My flush only deepened when I realized I’d fallen for the verbal trap. “It’s fun,” I said lamely.
“Sure sounded like you were having a lot of fun in the bathroom earlier with Ox,” Geo quipped. His blue gaze traveled directly to my overflowing corset with clear appreciation for my finer assets.
My past sins had officially come to haunt me. That was faster than expected.
When I ignored his statement, Geo plowed forward. “Can’t say he’s not a lucky man. Everybody’s been saying so,” he added for good measure.
“It seemed like you were having a lot of fun yourself, earlier,” I discreetly pointed out. “So I’m not sure how you had time to notice what Ox and I were up to.”
Geo frowned until he realized what I was referring to. “Are you talking about Carmen?” He laughed. “Baby, that was just scratching an itch. She doesn’t mean anything to me.”
Disgust rose in my throat at his callous words. I might not like Carmen, but she didn’t deserve to be treated like she was disposable by these men. “I’m not your ‘Baby’. And it’s really none of my business.”
He put his hands in the air, pretending to call a truce. “I didn’t mean any offense. I didn’t realize Ox was your Old Man. I thought you two were just passing time, is all. You know, kind of like he passed time with Carmen before you met.”
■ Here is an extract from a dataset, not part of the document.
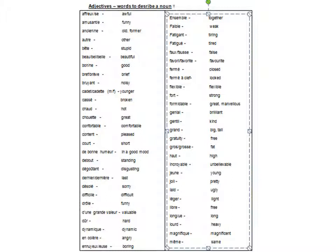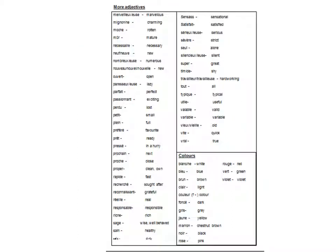Gratuit, gros, grosse, incroyable, jeune, jolie, laide, légère, libre, long, longue, lourd, magnifique, même, merveilleux, merveilleuse, mignon, moche, mûr, nécessaire, neuf, neuve, nombre, nombreuse.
Geo wasn’t just good looking. He was smart, too. He knew what barbs to cast to wound me best. I’m sure he used this trick countless times before to break down a woman’s defenses. Convince her she could do better than the man she was currently with by offering evidence about his poor, past choices. Then, when she was most vulnerable, and preferably drunk, he’d swoop in and offer her a place in his bed to soothe the pain. What a prince.
I only stared back at the wily man, refusing to offer any words that he could twist or manipulate about Ox’s “involvement” with Carmen.
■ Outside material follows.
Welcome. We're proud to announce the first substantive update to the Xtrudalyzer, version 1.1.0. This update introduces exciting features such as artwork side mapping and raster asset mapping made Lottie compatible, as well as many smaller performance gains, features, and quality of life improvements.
“You don’t believe me?” he said, pressing the issue.
“I don’t care,” I returned, getting supremely annoyed with his persistence.
Geo’s smile told me he didn’t believe me. “Sure, Babe. Whatever you say.”
A tornado of rage began to swirl in my chest, but I fought it back. “Ox wasn’t a monk before we met, so I didn’t expect him to act like one.”
Tossing back his head, Geo barked a laugh. “If you only knew! That man is the least holy of us all.”
I shouldn’t do it. Talk to the devil, that is. He always knew just what to say and how best to say it. But I was human. And weak. And I wanted to know more.
My stomach clenched. “What is that supposed to mean?”
Geo shrugged, loving his new found power over me. “I thought you didn’t care.”
Grinding my teeth, I sipped my beer. “I don’t. You brought it up. Not me.”
Using the excuse of grabbing another beer off the center of the table, Geo scooched closer. “I just don’t want to see you hurt, is all.”